Ever wondered how to debug an issue in ClickHouse? Need a specific statistic, or are you curious about the queries being executed by your users and those that are failing? Or maybe you need to identify the currently applied settings. Look no further than system tables! In this post, we explore the system tables in ClickHouse and show how we in ClickHouse support use them to debug issues and understand your cluster usage with practical examples.
Introduction to System Tables
System tables in ClickHouse are virtual tables that provide information about server states, processes, and the operating environment. These system tables are located in the system database and are only available for reading by the users. They cannot be dropped or altered, but their partition can be detached and old records can be removed using TTL. System tables offer great insight into the internal operations of ClickHouse and can be a valuable source of information when optimizing queries, monitoring system performance, or troubleshooting a system crash.
In general, there are a few types of system tables in ClickHouse, and some useful ones contain system information related to your database, tables, columns, and parts. There are also tables showing real-time information such as metrics and events, providing a snapshot view of the current system events. Users may also find historical records in system log tables such as metric_log, query_log, part_log, etc. In a cluster, distribution_queue and replication_queue can be used to troubleshoot a distributed setup. Tables related to settings, users, and roles also provide information on the current configuration and user privileges.

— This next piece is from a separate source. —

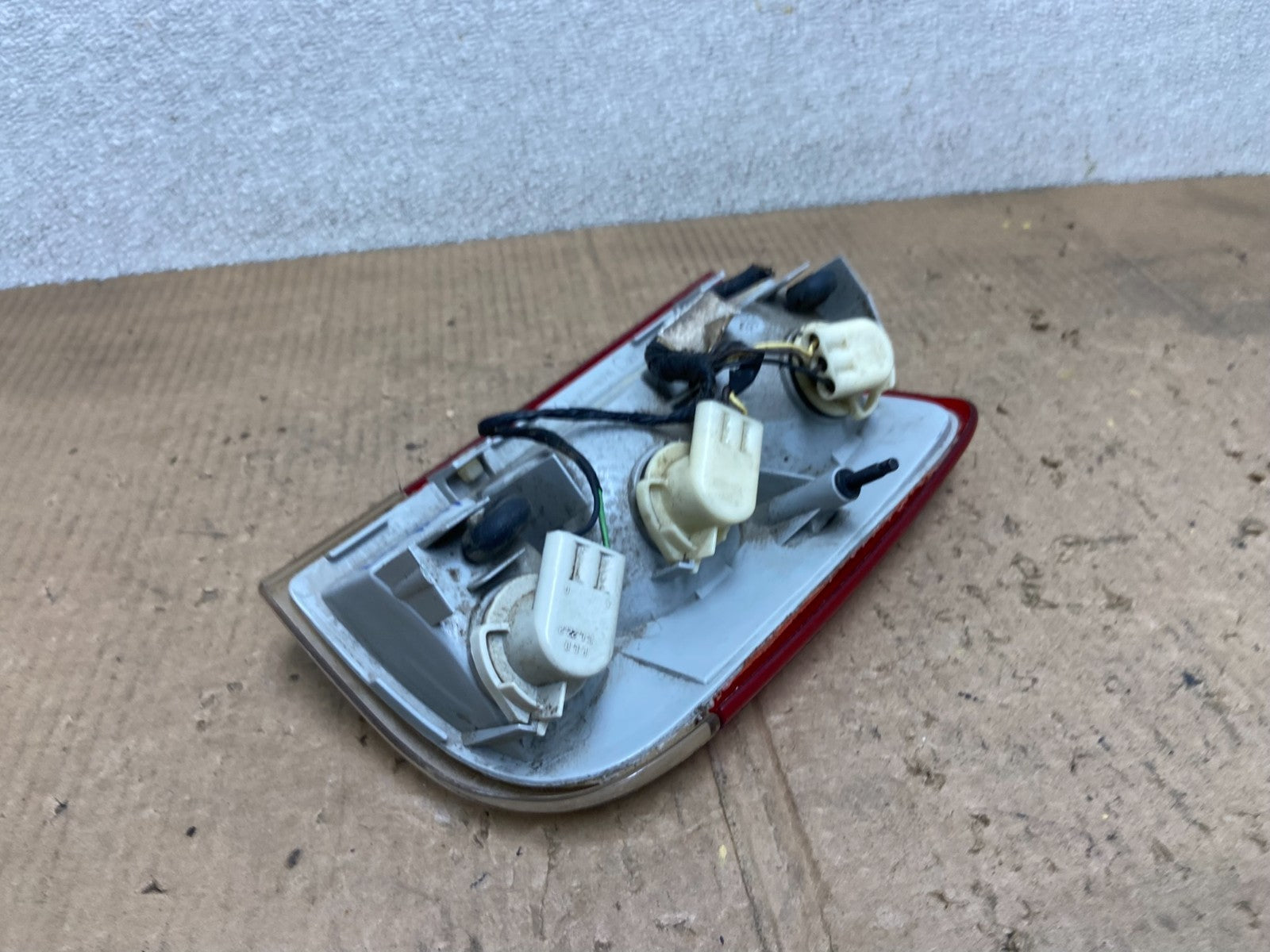1995 to 2005 Chevrolet GMC Blazer S10 Left Driver Side Tail Light OEM AA7195 DW4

Most system tables store their data in memory, but system log tables such as metric_log, query_log and part_log use the MergeTree table engine and store their data in the filesystem by default. This persistent storage ensures that logs are still available for analysis after a server restart.
Where are the System Tables?
The complete list of system tables is accessible via the SHOW TABLES FROM system statement. You can also find an expanded description for most system tables in our documentation.
SHOW TABLES FROM system ┌─name───────────────────────────┐ │ aggregate_function_combinators │ │ asynchronous_inserts │ │ asynchronous_metric_log │ │ asynchronous_metric_log_0 │ │ asynchronous_metrics │ │ backups │ │ build_options │ │ certificates │ │ clusters │ │ collations │ │ columns │ │ contributors │ │ current_roles │ │ data_skipping_indices │ │ data_type_families │ │ databases │
Like any other table, we can run typical select queries e.g. SELECT * FROM system.databases, to retrieve rows from a specified table.
SELECT * FROM system.databases LIMIT 2 FORMAT Vertical Row 1: ────── name: INFORMATION_SCHEMA engine: Memory data_path: /var/lib/clickhouse/ metadata_path: uuid: 00000000-0000-0000-0000-000000000000 comment: Row 2: ────── name: blogs engine: Replicated data_path: /var/lib/clickhouse/store/ metadata_path: /var/lib/clickhouse/store/912/9125f586-0e3f-48f6-85b0-ccc76380e1a2/ uuid: 9125f586-0e3f-48f6-85b0-ccc76380e1a2 comment: 2 rows in set. Elapsed: 0.001 sec.
Aggregating on these tables enables us to write more complex queries and gain a deeper understanding of the state of ClickHouse.
SELECT engine, count() AS count FROM system.databases GROUP BY engine ┌─engine─────┬─count─┐ │ Memory │ 2 │ │ Atomic │ 1 │ │ Replicated │ 8 │ └────────────┴───────┘ 3 rows in set. Elapsed: 0.015 sec.
So, what are some of the valuable insights that we can gather from the system tables?
Hot tips for querying system tables
In this section, we will highlight some useful system tables that can help answer the common questions we may have when using ClickHouse.
What settings were changed from the default value?
First, we begin by reviewing the list of settings (using system.settings) that were changed from the default value. During troubleshooting, this is an excellent first step to analyze if the changed settings could affect system behavior.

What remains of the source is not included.